Richard Prince has never found the circumstance or inclination to practice photography, even as he has taken it - in and out of his studio - for well-documented rides. His earliest works were born of the second-hand daylight of re-photography. Recently he has driven the camera out from under the cover of cult magazines into the rural backwaters of his upstate surroundings. And just as the notorious celebrity pictures caption the territory of the over-exposed, so the Albany county of Prince's current photography underwrites the under-exposed to create a real estate of ever changing prospectus.. In this, the aboveground pools, tire-planters, hoops, garages and empty storage facilities are the road signs marking the passage from the made-up to the run-down. Anti-monuments, they speak to the vanquished dreams of mobility and the tragic-comic confinement of these backyard pioneers. Prince finds his spiritual knife-edge in the poetry of these alien places, where less than extreme situations have become inevitable. Here, in the hinterlands, time and unemployment work their easthetic, making of utility and purpose their own art of the genuinely unnecessary.

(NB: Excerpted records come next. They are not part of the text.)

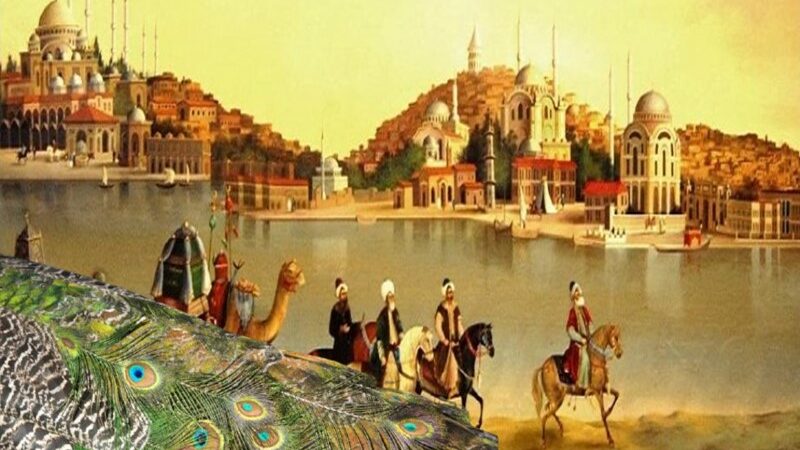 نُعاتبُ الأيّامَ الحَالكات ونلُومُ اللّيالي المُدلهمّات!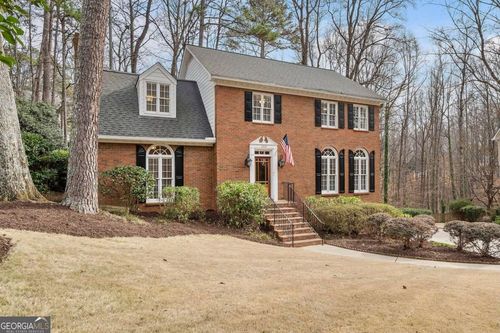 2885 Arborwoods Dr, Alpharetta, GA, 30022-5215 | Card Image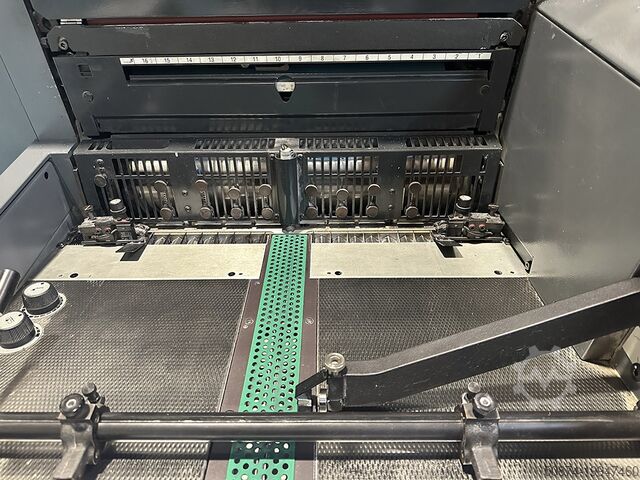 Offsetdruckmaschine Heidelberg Heidelberg PM 52 - 4 - 2006
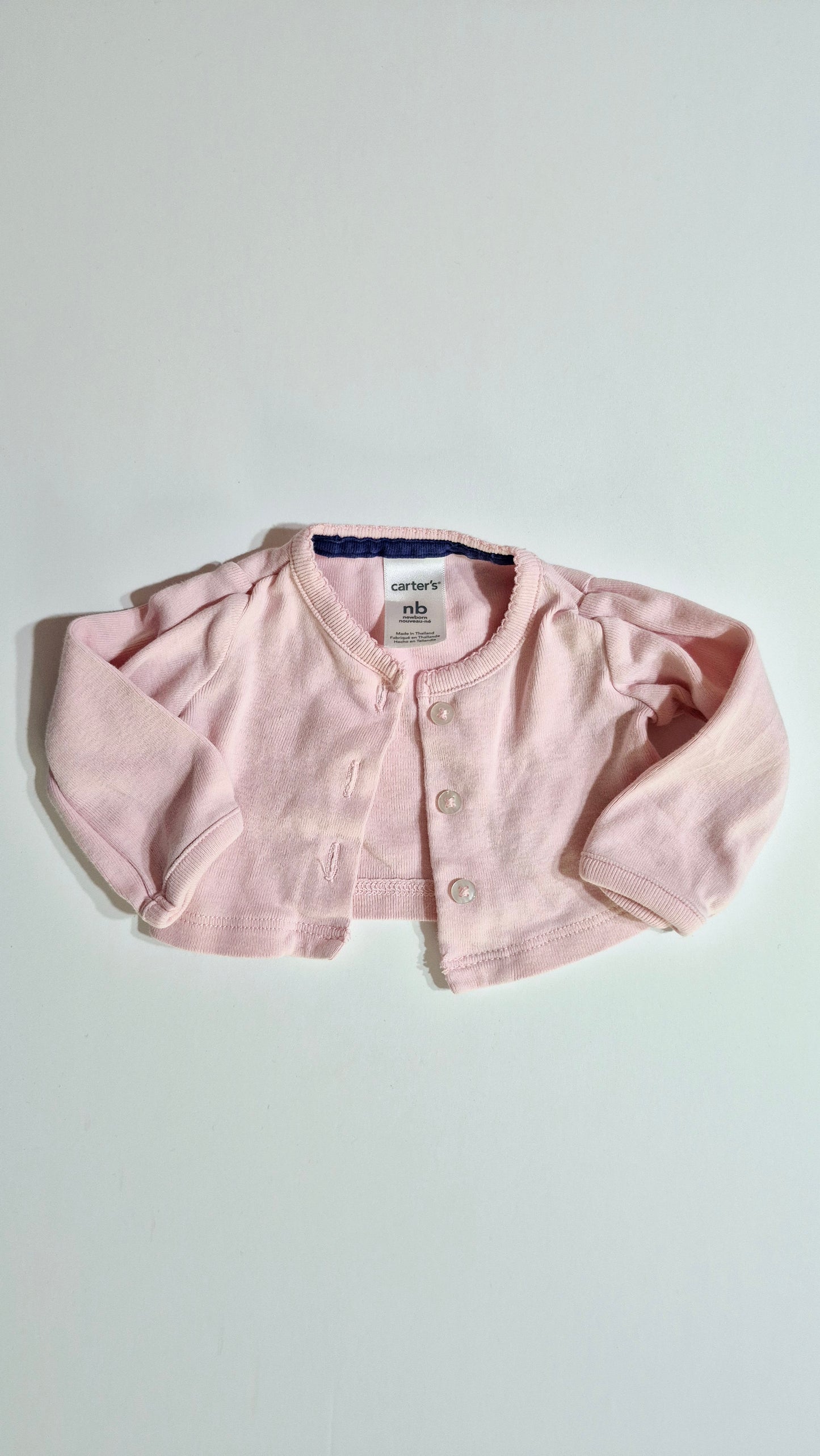 Veste Nouveau-Né Carter's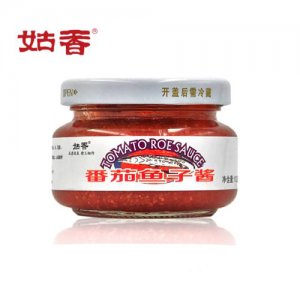 姑香番茄魚(yú)子醬102g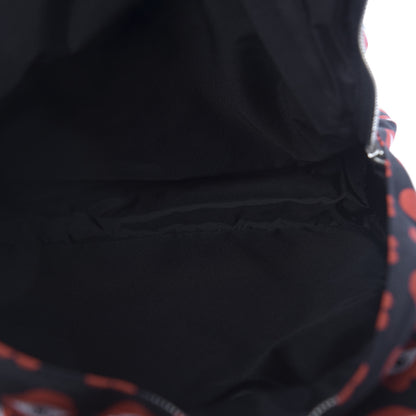 Celine Nylon Anneli Henriksson Telepathic Love Medium Backpack Multicolor 4 of 9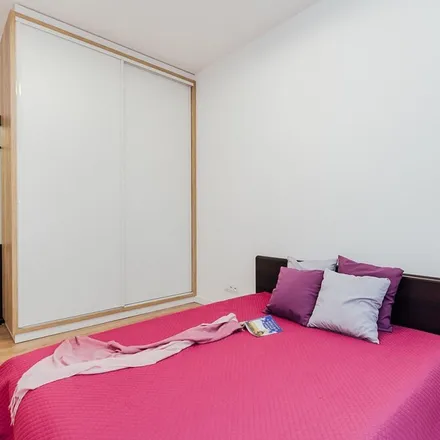 Rent this 2 bed apartment on Warsaw in Pieskowa Skała 11, 02-699 Warsaw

What Prince does practice is his own kind of cosmopoliyan localism. Local venaculars – the governement of in-law, out-law and by-law – are the very specific material ofd his very abstract art. He draws the protocols of post-war, post-painterly abstraction across the visual architecture of his surroundings. In doing so he subverts popular assumptions about the nature of familiar things. And just as the hoops take Kenneth Noland's targets to the backbourd and rebound their high international style into the boondocks of the upstate yards, so the paintings bounce their humor around the court of transcendance, playing their zips and dribbles to an audience of drunks, comics adulterers and theives.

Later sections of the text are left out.